In May, the SA imposed a €50,000 fine on a social network for uploading the contact books of new members onto its servers and then processing this data without a valid legal basis.  The SA emphasized in its decision that such contact lists may only be used at the outset to identify existing members of the network (“compare and forget”).  New members must give opt-in consent before the network can then send invitations on their behalf to existing members, requesting them to connect with the new member.  The SA said in its decision that the personal data of non-members uploaded from contact books could not be used to send invitations to them.

Finally, also in May, the SA imposed a €50,000 fine (apparently the SA’s favorite number) on an insurance company.  In this decision, the SA came to some puzzling conclusions:

  • Legal basis.  The SA stated that legitimate interest was not a valid legal basis for the company to process non-sensitive personal data for purposes related to training, quality assurance, monitoring and reporting, or for statistical analysis drawn from coded data (including big data).  Instead, according to the SA, the company was required to seek separate consent for each of these purposes.  If this decision is upheld in court, it begs the question of how the EU will ever manage to implement an AI strategy worthy of that name, if even non-sensitive coded data cannot be used without consent.  In contrast, the SA found that legitimate interest was a valid legal basis to process personal data for marketing purposes, as well as for anti-fraud purposes.
  • Sharing personal data with third parties. Here, the SA’s decision breaks new ground:
    • First, it takes the position that it was not demonstrated that legitimate interest was a valid legal basis for sharing non-sensitive personal data with the company’s headquarters (in the EU) for reporting purposes.  Again, according to the SA, the company should have obtained a separate consent.  It is difficult to understand how such data sharing does not qualify as a legitimate interest, so long as it is implemented judiciously.  Moreover, the GDPR itself refers to this scenario in its Recital 48 (to which the SA did not refer): “Controllers that are part of a group of undertakings or institutions affiliated to a central body may have a legitimate interest in transmitting personal data within the group of undertakings for internal administrative purposes, including the processing of clients’ or employees’ personal data”.

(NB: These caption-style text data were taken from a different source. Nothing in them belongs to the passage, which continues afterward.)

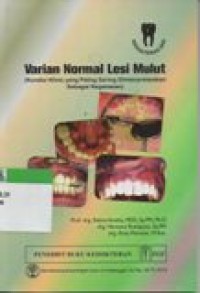 Varian Normal Lesi mulut : Kondisi Klisis Yang Paling Sering Diinterpretasikan Sebagai Keganasan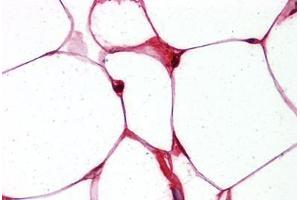 Adipocytes, Human: Formalin-Fixed, Paraffin-Embedded (FFPE) (FABP4 抗体  (Tyr20))
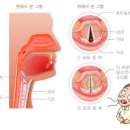 성대결절 원인 성대결절 성대결절 약 좋은음식 이미지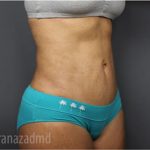 Tummy Tuck Before & After Patient #2856
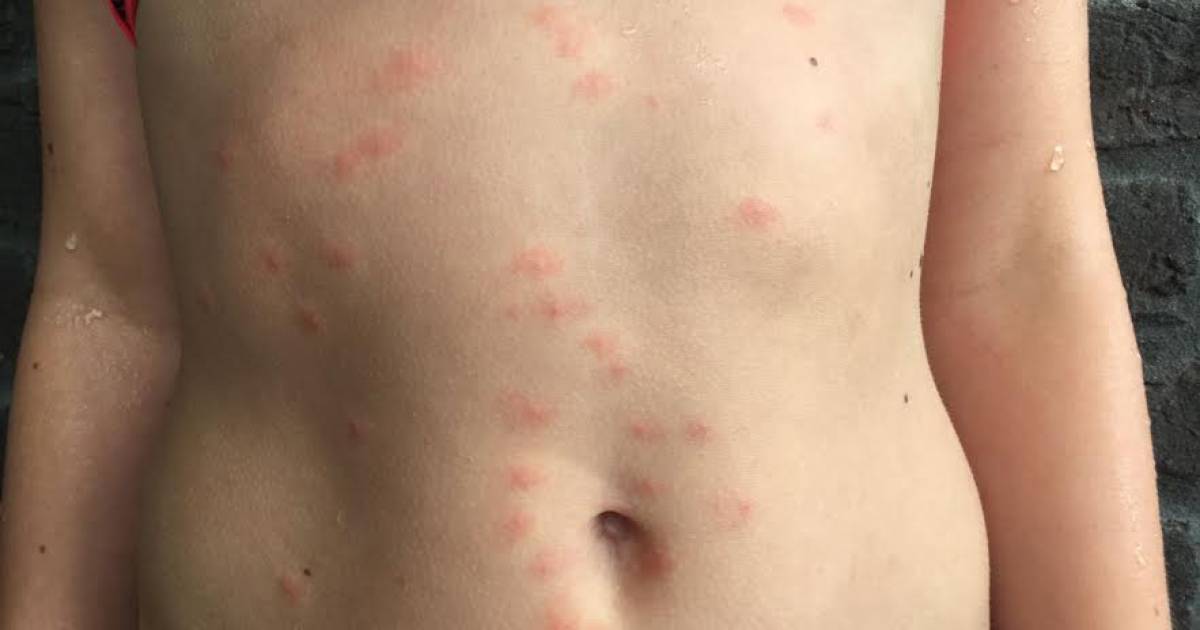 Waarschuwing voor zwemmersjeuk in recreatieplas bij Strandpark Slijk-Ewijk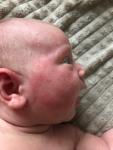 Сыпь у новорождённого фото 1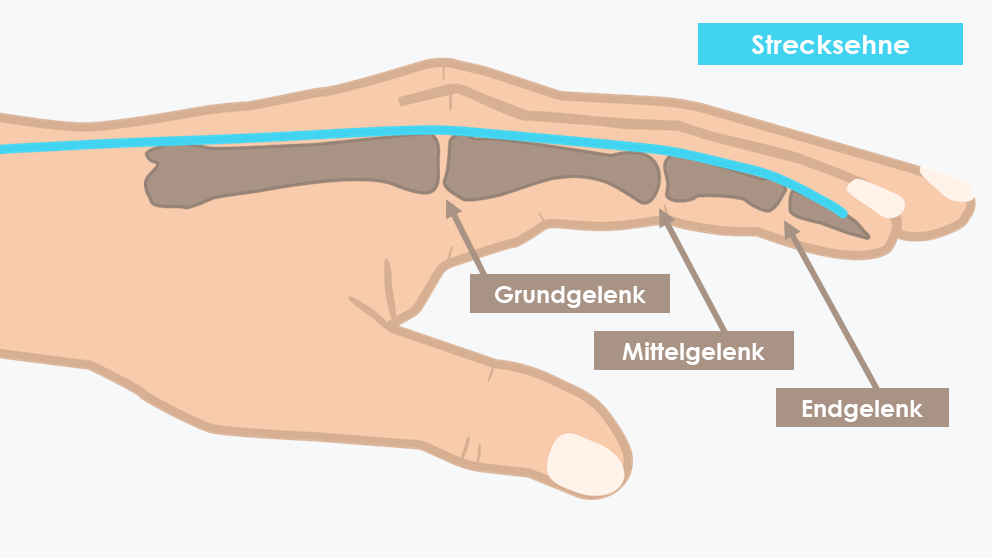 Strecksehnen (blau) verlaufen entlang der Fingerknochen und bedecken Grund-, Mittel- und Endgelenk.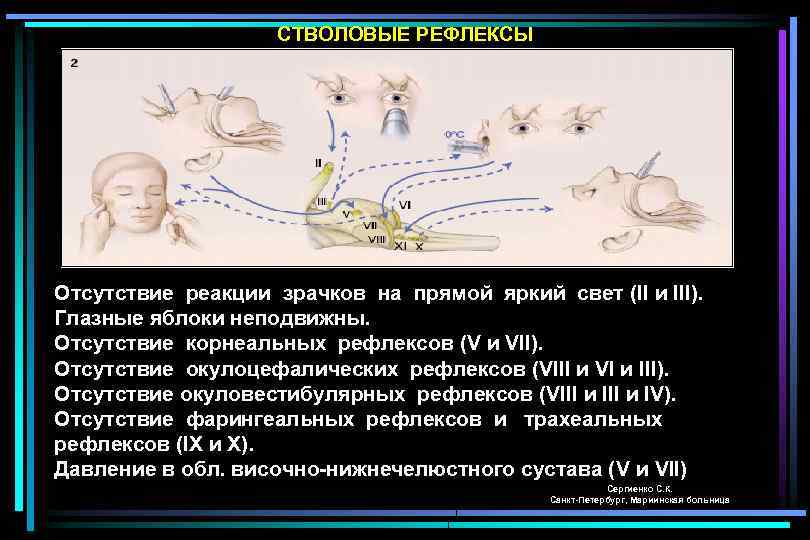 СТВОЛОВЫЕ РЕФЛЕКСЫ Отсутствие реакции зрачков на прямой яркий свет (II и III). Глазные яблоки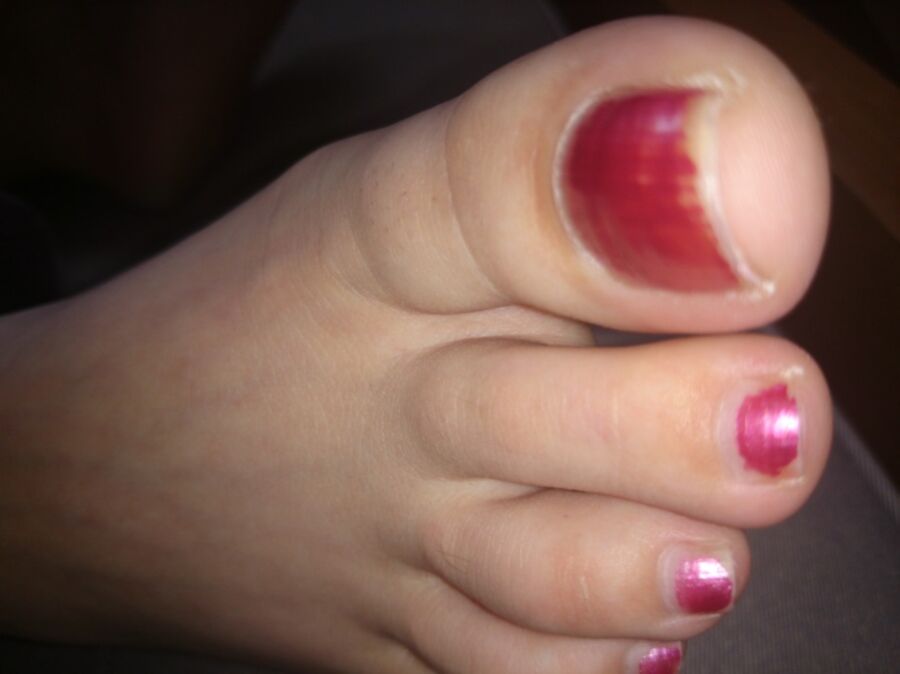 Free porn pics of Girlfriends Sleeping Feet ( toenails need painting lol) 15 of 19 pics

    • Second, and even more puzzling, the SA appears to indicate that the sharing of personal data with service providers (presumably “processors”) cannot be based on the company’s legitimate interest and must also be based on consent.  The mere suggestion that a company requires a legal basis for sharing personal data with its own processor is innovative, to say the least.  The assertion that such sharing is lawful only on the basis of consent, is extraordinary.

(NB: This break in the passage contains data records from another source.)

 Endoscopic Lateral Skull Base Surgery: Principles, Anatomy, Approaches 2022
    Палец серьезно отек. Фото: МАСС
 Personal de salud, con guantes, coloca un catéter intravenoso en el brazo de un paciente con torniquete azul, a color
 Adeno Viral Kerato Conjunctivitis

  • Transparency.  The SA pointed out that the company’s privacy policy (i) did not clearly distinguish the use of non-sensitive and sensitive data; (ii) failed to indicate the right to oppose; (ii) did not sufficiently explain the legitimate interests supposedly at stake; and (iv) failed to consistently identify the legal bases it relied on to disclose personal data.

The Belgian SA’s activity overview did not make any mention of the judicial review of its decisions.  So far, the SA’s website lists four final decisions by the Market Court, unrelated to any of those mentioned above.